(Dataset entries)
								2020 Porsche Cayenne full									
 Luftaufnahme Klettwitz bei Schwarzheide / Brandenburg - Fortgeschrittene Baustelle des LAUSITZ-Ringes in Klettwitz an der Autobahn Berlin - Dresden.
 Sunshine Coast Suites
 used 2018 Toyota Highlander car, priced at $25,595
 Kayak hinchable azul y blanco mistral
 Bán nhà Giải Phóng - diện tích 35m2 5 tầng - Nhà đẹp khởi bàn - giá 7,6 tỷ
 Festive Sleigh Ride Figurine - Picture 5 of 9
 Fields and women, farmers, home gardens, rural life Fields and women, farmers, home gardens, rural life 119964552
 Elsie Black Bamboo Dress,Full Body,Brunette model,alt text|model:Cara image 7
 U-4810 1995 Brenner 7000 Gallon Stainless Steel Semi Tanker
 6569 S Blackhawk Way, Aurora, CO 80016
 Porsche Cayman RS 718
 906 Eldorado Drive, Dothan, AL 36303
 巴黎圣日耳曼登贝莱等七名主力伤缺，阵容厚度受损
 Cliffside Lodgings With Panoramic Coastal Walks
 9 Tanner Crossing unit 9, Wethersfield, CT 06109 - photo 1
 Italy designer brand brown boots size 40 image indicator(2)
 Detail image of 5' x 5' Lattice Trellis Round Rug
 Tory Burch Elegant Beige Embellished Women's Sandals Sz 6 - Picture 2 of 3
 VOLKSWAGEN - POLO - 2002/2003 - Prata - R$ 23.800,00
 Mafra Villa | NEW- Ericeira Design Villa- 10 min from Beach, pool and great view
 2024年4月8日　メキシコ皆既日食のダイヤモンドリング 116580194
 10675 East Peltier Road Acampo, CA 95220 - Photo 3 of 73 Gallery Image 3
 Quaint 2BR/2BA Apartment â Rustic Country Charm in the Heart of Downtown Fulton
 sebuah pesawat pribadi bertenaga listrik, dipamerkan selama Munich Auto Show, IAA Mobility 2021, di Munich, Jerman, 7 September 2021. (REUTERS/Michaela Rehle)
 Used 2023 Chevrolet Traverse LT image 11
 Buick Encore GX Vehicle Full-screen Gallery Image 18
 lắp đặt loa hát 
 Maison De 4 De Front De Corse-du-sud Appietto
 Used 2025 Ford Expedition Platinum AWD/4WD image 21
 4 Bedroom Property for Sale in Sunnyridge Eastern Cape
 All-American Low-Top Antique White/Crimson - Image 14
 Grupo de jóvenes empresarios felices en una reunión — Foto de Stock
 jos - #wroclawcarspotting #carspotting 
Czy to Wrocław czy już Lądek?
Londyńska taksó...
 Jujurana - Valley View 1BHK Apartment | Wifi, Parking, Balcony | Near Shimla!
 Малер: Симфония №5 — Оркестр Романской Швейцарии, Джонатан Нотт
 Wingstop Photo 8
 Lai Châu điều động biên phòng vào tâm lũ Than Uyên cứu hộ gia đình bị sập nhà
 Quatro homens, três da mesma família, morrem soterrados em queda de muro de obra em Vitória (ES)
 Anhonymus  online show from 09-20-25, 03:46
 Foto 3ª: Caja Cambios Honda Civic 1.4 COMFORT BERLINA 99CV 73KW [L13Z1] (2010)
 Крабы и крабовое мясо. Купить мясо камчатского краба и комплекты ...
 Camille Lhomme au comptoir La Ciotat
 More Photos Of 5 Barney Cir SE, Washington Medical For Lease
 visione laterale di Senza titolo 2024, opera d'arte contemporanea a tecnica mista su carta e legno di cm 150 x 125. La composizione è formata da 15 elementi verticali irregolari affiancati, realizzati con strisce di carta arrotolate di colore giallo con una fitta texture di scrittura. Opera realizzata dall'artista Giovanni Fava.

What you have to do: Copy out only the lines of the records above from the one with "used 2018 Toyota" through the one with "Mafra Villa |", exactly as they stand, both included.

Completed exercise:
 used 2018 Toyota Highlander car, priced at $25,595
 Kayak hinchable azul y blanco mistral
 Bán nhà Giải Phóng - diện tích 35m2 5 tầng - Nhà đẹp khởi bàn - giá 7,6 tỷ
 Festive Sleigh Ride Figurine - Picture 5 of 9
 Fields and women, farmers, home gardens, rural life Fields and women, farmers, home gardens, rural life 119964552
 Elsie Black Bamboo Dress,Full Body,Brunette model,alt text|model:Cara image 7
 U-4810 1995 Brenner 7000 Gallon Stainless Steel Semi Tanker
 6569 S Blackhawk Way, Aurora, CO 80016
 Porsche Cayman RS 718
 906 Eldorado Drive, Dothan, AL 36303
 巴黎圣日耳曼登贝莱等七名主力伤缺，阵容厚度受损
 Cliffside Lodgings With Panoramic Coastal Walks
 9 Tanner Crossing unit 9, Wethersfield, CT 06109 - photo 1
 Italy designer brand brown boots size 40 image indicator(2)
 Detail image of 5' x 5' Lattice Trellis Round Rug
 Tory Burch Elegant Beige Embellished Women's Sandals Sz 6 - Picture 2 of 3
 VOLKSWAGEN - POLO - 2002/2003 - Prata - R$ 23.800,00
 Mafra Villa | NEW- Ericeira Design Villa- 10 min from Beach, pool and great view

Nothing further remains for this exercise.